Task instructions → Beginning with the line containing "OVO Heavy Duty" and ending with the line containing "228 W Dartmoor Ave, Palatine, IL 60067", write out each line of the records below exactly; pictures and lines outside that range are left out.

Extracted material →

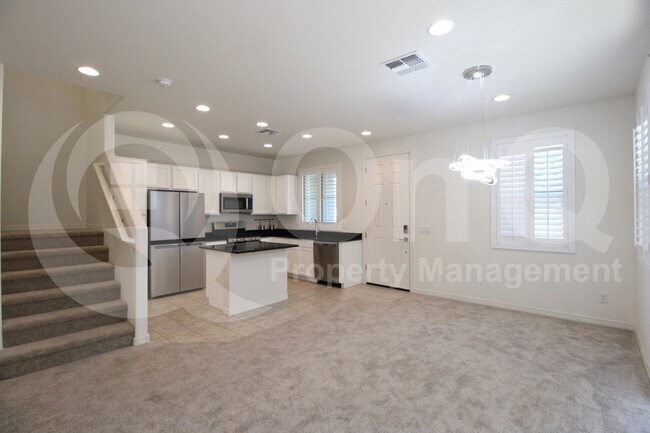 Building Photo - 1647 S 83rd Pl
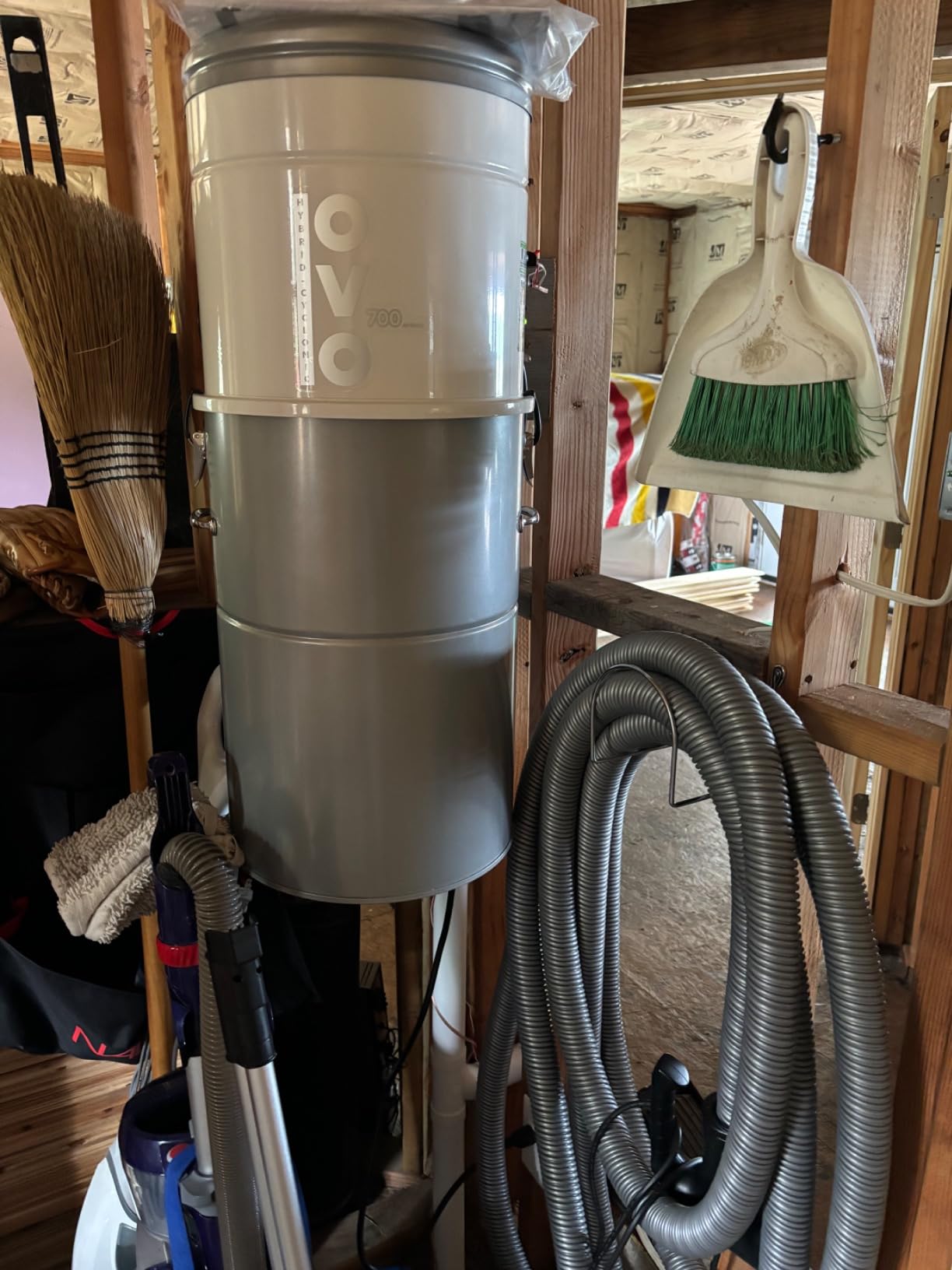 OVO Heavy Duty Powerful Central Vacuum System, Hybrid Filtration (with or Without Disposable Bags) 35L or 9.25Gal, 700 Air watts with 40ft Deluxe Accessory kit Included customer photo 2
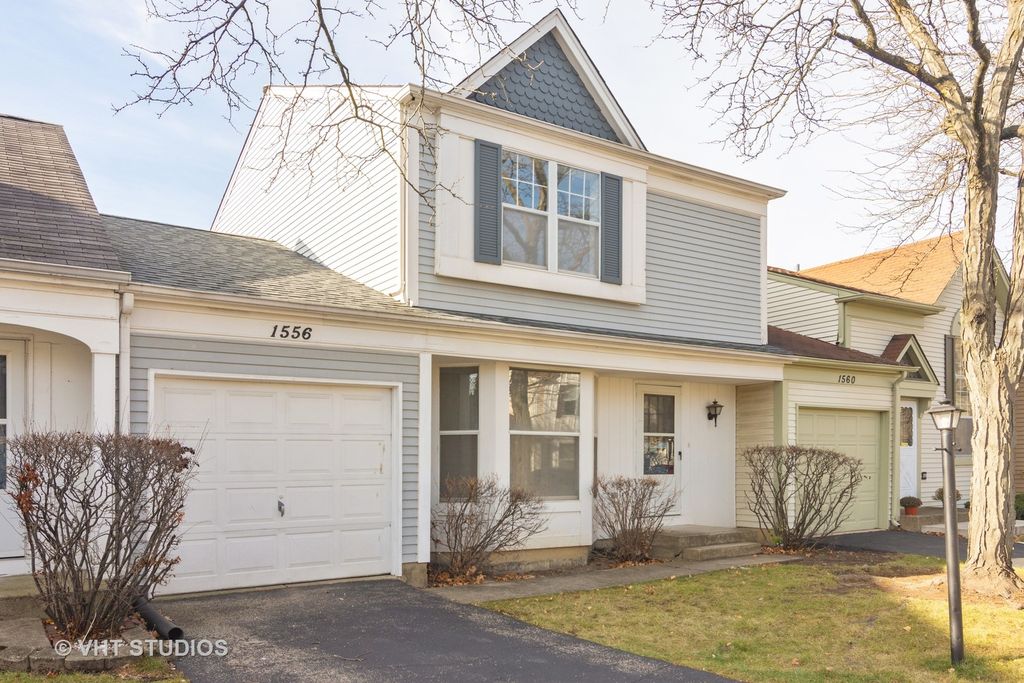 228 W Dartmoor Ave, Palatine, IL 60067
==
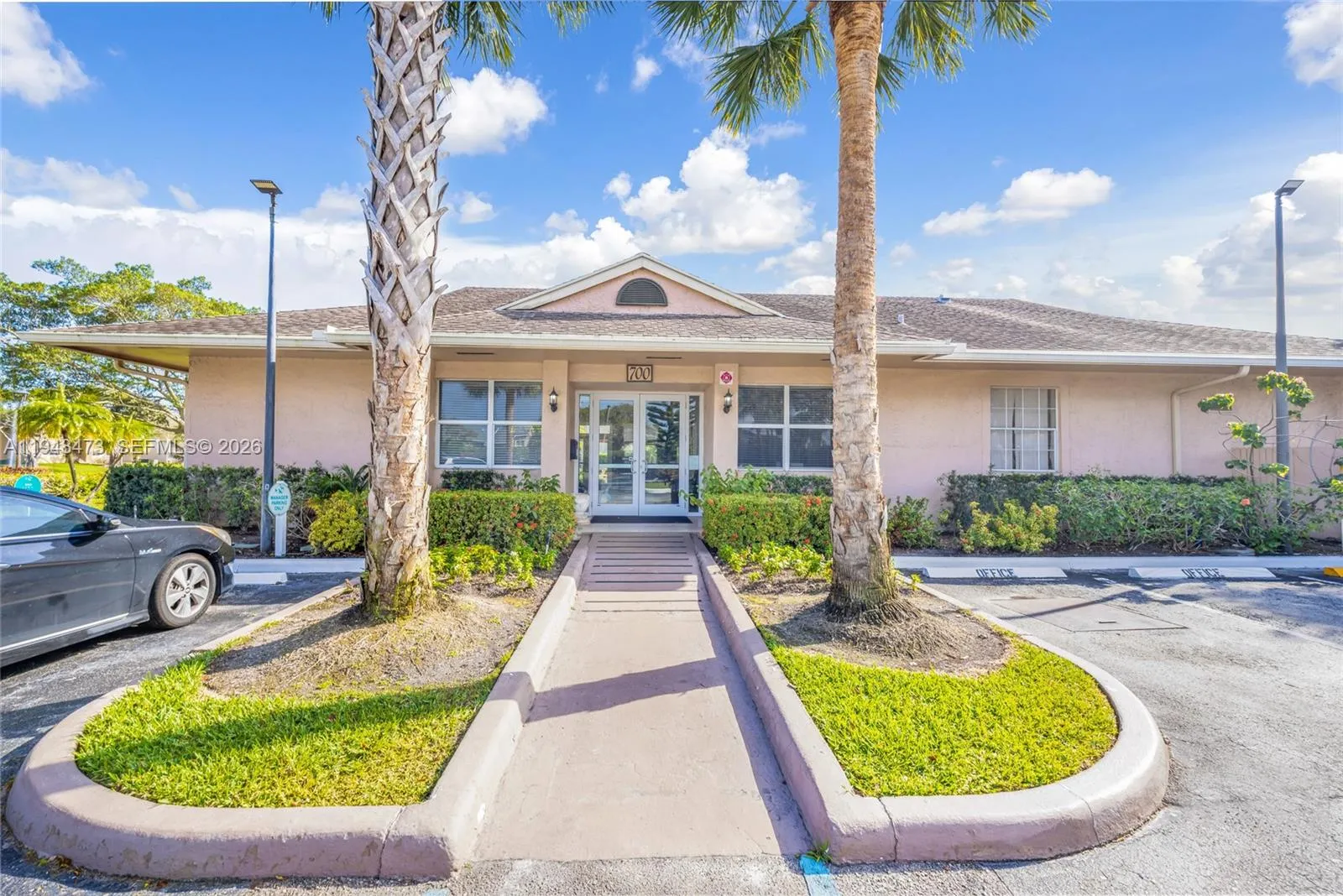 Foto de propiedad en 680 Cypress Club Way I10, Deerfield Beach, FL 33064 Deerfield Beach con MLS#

Answer box →
 OVO Heavy Duty Powerful Central Vacuum System, Hybrid Filtration (with or Without Disposable Bags) 35L or 9.25Gal, 700 Air watts with 40ft Deluxe Accessory kit Included customer photo 2
 228 W Dartmoor Ave, Palatine, IL 60067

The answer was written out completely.